3 Ağustos 2007 11:40 tsi
PKK kaybetmeyi içine sindiremedi! Bahaneye bak! Bir dergide yayınlanan röportajda PKK'nın yöneticileri, "Güneydoğu'da Askerler, halkın AKP'ye oy vermesi için, zor kullandılar. Hatta tutuklama, işkence ve tehdit yaptılar" diyor. Güneydoğu'nun merkeze yönelmesi bu bahaneye yol açtı!

Taha Akyol'un yazısında PKK'nın ilginç bir iddiası yer alıyor. İddiaya göre Genelkurmay Güneydoğu'da Ak Parti'nin kazanması için çeşitli yöntemlere başvurmuş.

İlk bakışta haberciler için heyecan uyandıran bu gelişmeye soğukkanlı yaklaşım şunu açıkça ortaya koyuyor: Bu tipik bir "savunma" psikolojisi...

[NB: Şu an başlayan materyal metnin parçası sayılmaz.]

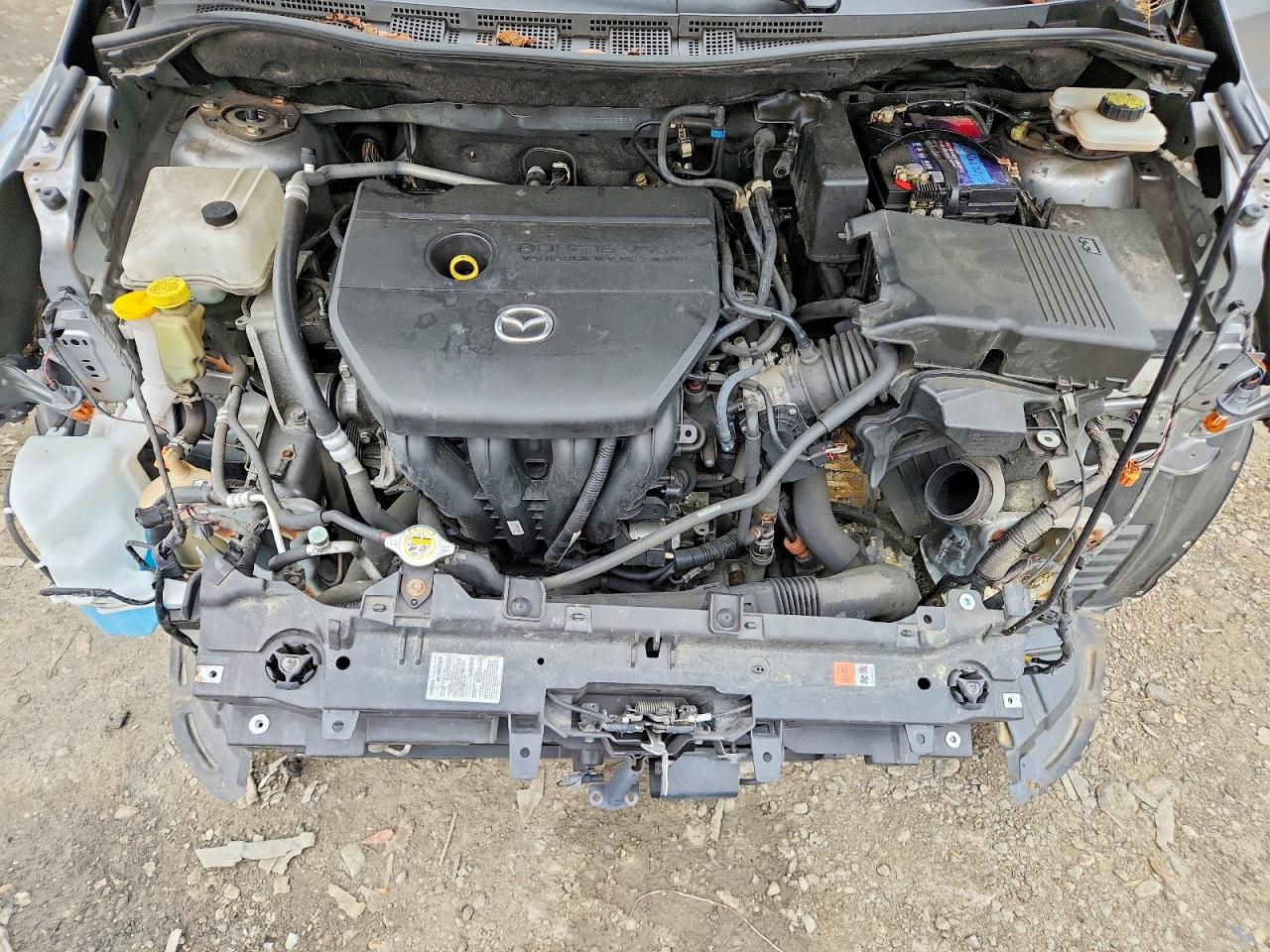 2014 Mazda 5 Grand Touring Silver vin: JM1CW2DL0E0168353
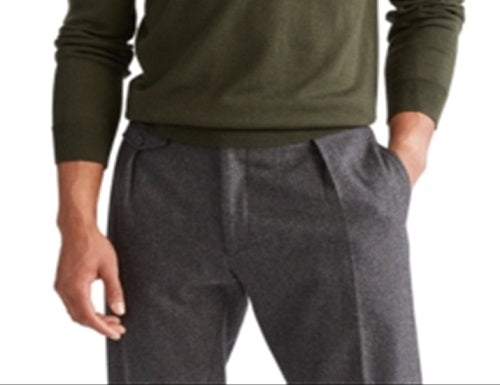 Suéter Ralph Lauren Masculino de Lã Merino com Gola Redonda Verde Tamanho Médio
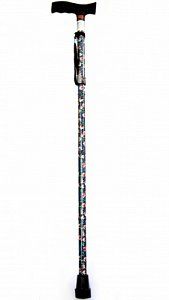 BWell Трость складная rehab WR-412 Узоры, с регулировкой высоты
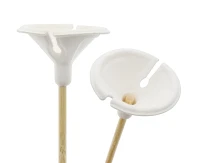 Bamboo + Paper Balloon Sticks with Stoppers, 10 pcs.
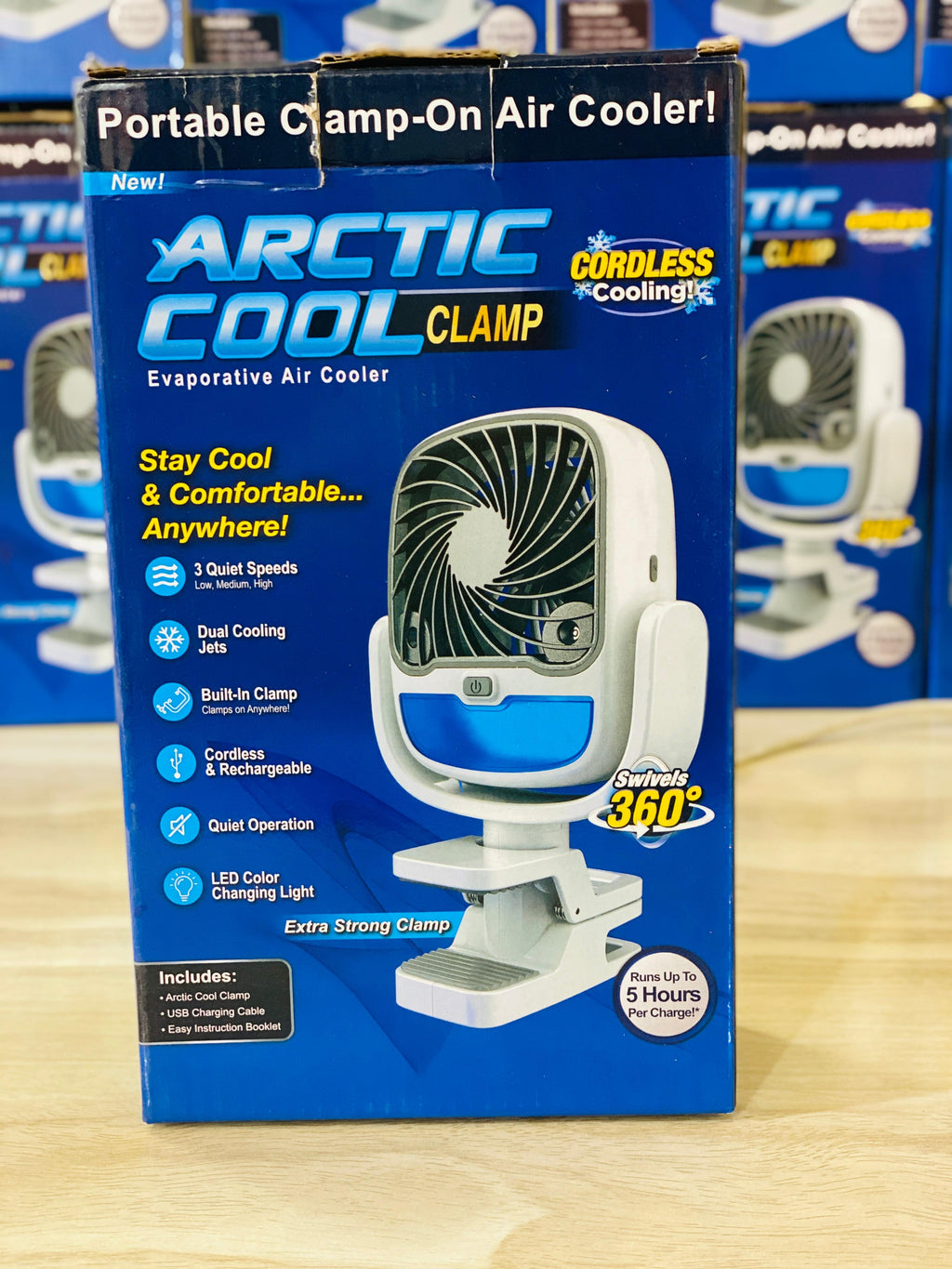 Arctic Cool Portable Clamp On Air Cooler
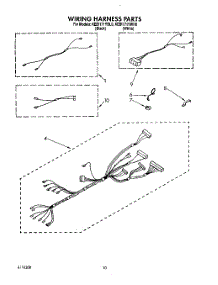 07 - Wiring Harness parts for Kitchenaid Oven KEBI171YBL0 from AppliancePartsPros.com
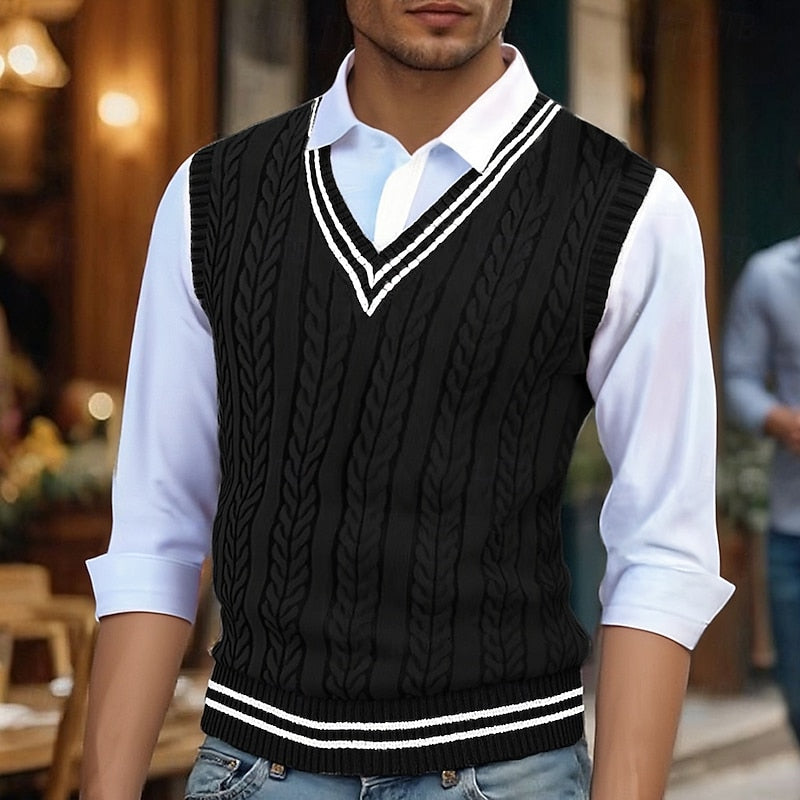 Classic Puffer Vest for Men | V Neck Cold Weather Ready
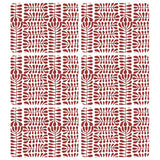 Placemats Mitjili Napurrula Red | Set of 6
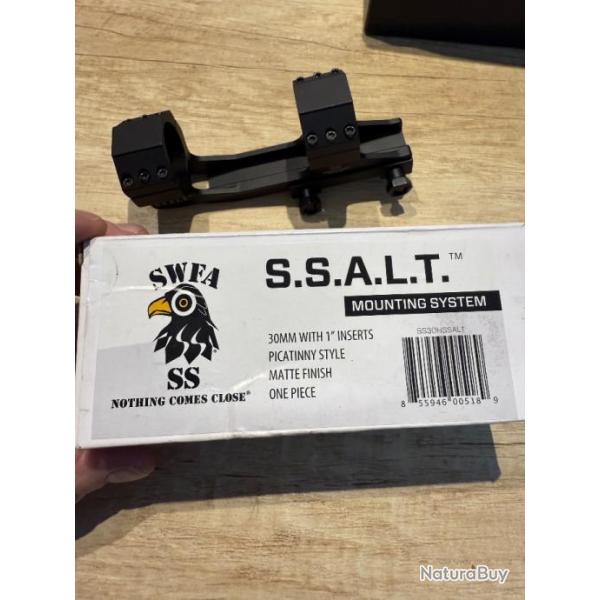 Montage lunette SWFA diametre 30mm AR15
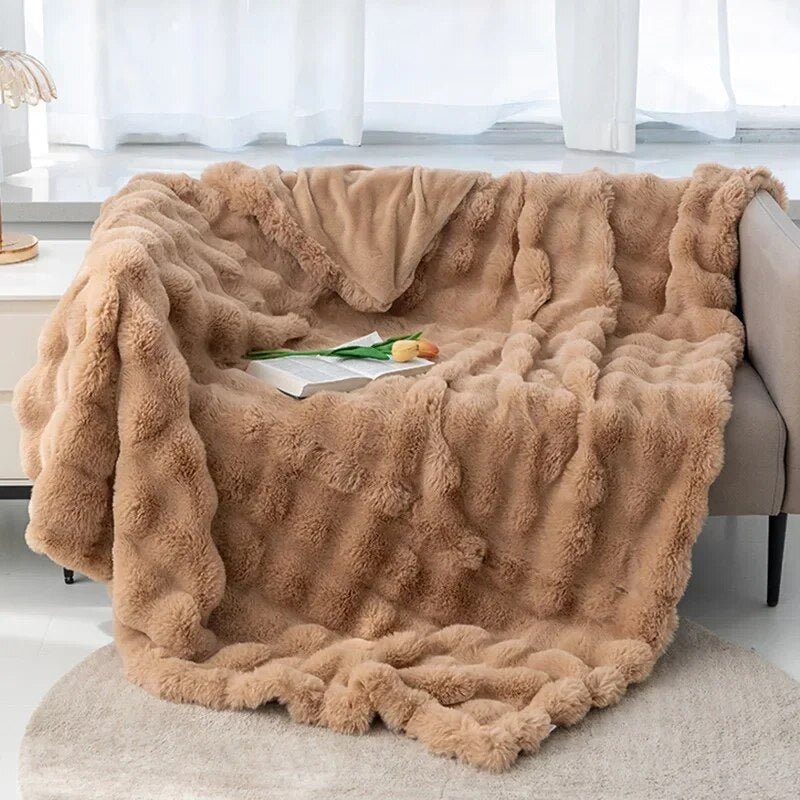 Super Soft Plush Fleece Winter Blanket – Cozy, Anti-Pilling, Machine Washable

Kaybetmenin savunması... Genelkurmay'ın işkence yaptıracağı gibi bir iddianın üzerinde durmaya bile gerek yok... Bunu geçip diğer noktaya bakalım... Bilindiği gibi AK Parti güneydoğuda ezici bir üstünlük yakaladı. DTP ise aşırı oy kaybına uğradı. PKK güneydoğulu vatandaşların kendisinden iyice uzaklaştığının farkında. Bu yüzden "aslında bölge insanı bana hala yakın" demek için bu "küçük yalan"ı ortaya atıyor. Diyor "ki normalde bizi seviyorlar ama baskı yüzünden AK Parti'ye oy attılar." Buna ancak kargalar güler... Bölge halkı merkeze bağlılık istiyor, Türkiye'nin normalleşmesini istiyor" diyemedikleri için suçu başkalarına atıyor. Nasıl Baykal "AK Parti tarikatların ve 2. camhuriyetçilerin desteği yüzünden iktidar" saptamasını yapıp kendini temize çıkarıyorsa PKK da aynı taktiğe başvuruyor. Ancak sandıktan çıkan bölge insanının yaklaşmını açıkça ortaya koyuyor: Daha çok barış, daha çok uzlaşma. Bu yüzden DTP'lilerin sandığın verdiği mesaja kulak vermesi gerekiyor -ki şu ana kadar sandığın mesajını anladıklarını çok iyi ortaya koydular.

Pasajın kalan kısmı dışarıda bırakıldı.